From her bedside-table drawer she pulled out ‘The wisdom of wishing’ and considered it thoughtfully. Some of it seemed to contradict itself. She wondered if ‘never tell’ meant she’d been wrong to tell Jas and Steph … maybe that was why it hadn’t worked while they were there. But she’d told Luke too – did that mean her wish for him wouldn’t come true?

She went through the poem or whatever it was, ticking and crossing things in her head. Well, she hadn’t broken the first rule – she hadn’t wished for anything bad to happen to anyone, though she’d been tempted to wish stuff about Veronica. And what about the wish about her father’s work? That had come true, only in an unfortunate way. Had that been wishing ill upon another? She hadn’t meant it to be.

The ‘wish for plenty, not for plague’ she didn’t really understand. Plague was a kind of disease they had in the Bible. Well, she’d wished away Luke’s cancer so that was good.

The next rule she’d definitely broken though. There was no getting round it. But she’d had wishes come true afterwards so maybe telling people only cancelled out one or two. And then …

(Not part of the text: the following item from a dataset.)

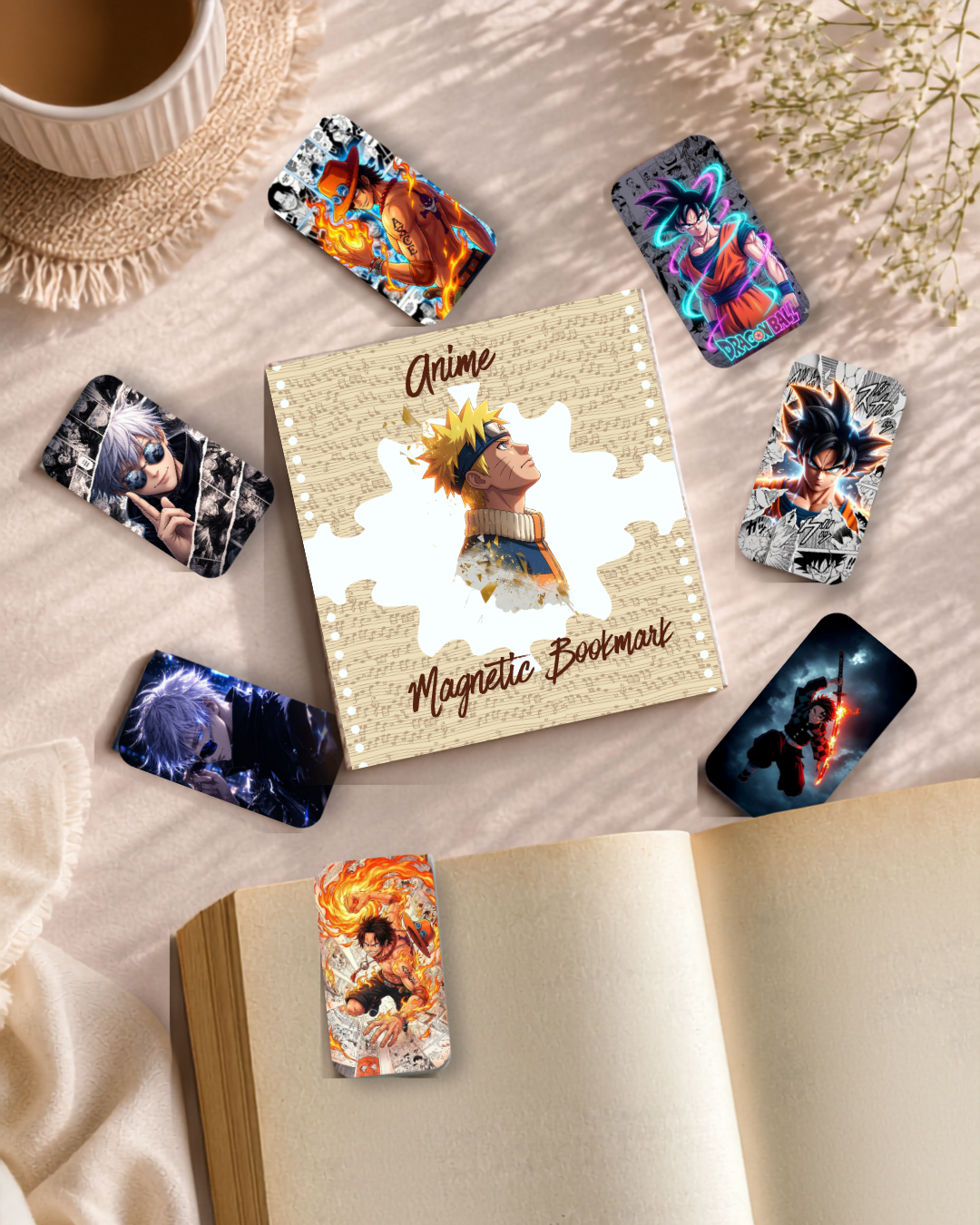 Anime Magnetic Bookmark – Pack of 6 (12 Designs)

One good turn … she began to feel incredibly sleepy the more she tried to focus her mind, to decipher the poem’s message. Her eyelids felt heavier and heavier. When she blinked she forgot to open them again for a while. On about the twentieth blink, she didn’t open them at all. She was asleep.

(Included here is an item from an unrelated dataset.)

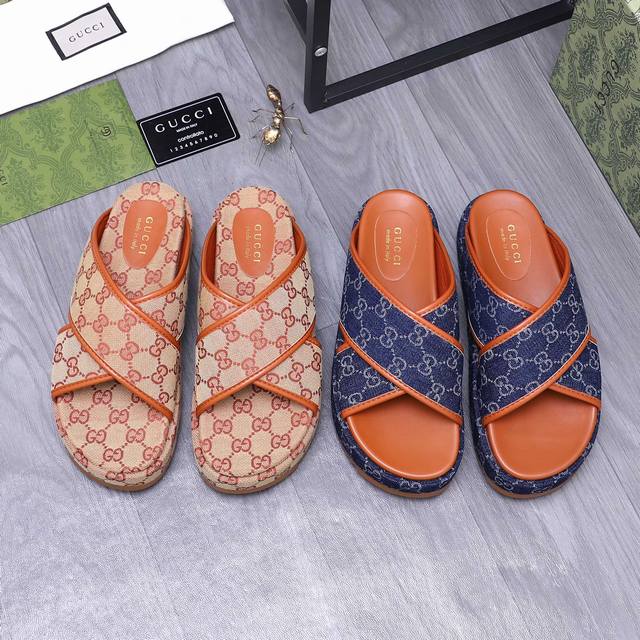 商品商标：Gucci 古驰 厚底拖鞋 正码码数: 35－44 情侣款 商品材料：精选原版透气牛仔织布鞋面 脚背牛皮里 原版大底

The next day, waking up quite late to the sound of a Hoover bumping against her bedroom door, she stretched and yawned, a little annoyed to be roused so rudely. Turning onto her front, she pulled both pillows over her head and clamped them down with her arms, breathing in cotton-polyester sheet, only recently put on so that it still had that nice, clean, washing-powder smell.

It was no good. The pillows didn’t block out the insistent droning of the Hoover, the draggy, sweepy sound of its back-and-forth movements, the banging of the edge of the brush on skirting boards and doors.

‘Da-ad!’ she protested.

Either he couldn’t hear her above the Hoover or, more likely, he’d decided it was time for her to get up and was deliberately making a racket outside her room. An early riser himself, he couldn’t see the attraction of a lie-in, the sheer luxurious feeling of seeing what time it was, not having to get up, being able to turn over and go back to sleep.

So she ended up being grumpy at breakfast, not that anybody really seemed to notice much. Her father was still vacuuming – she found it scary to look at him because he appeared so absorbed and intent on his task. It was like he was waging his own war on dust and dirt. Rarely did she see him so focused and aggressive.

She soon gave up sulking. There didn’t seem much point if no one actually noticed she was doing it. When her mum said she could go and get the TVTimes, she jumped at the chance to escape the stuffy, tense atmosphere of the house, where recriminations hung unvoiced in the air and ideas flared but were cold-watered out. Most of them in her head. All without a word being said.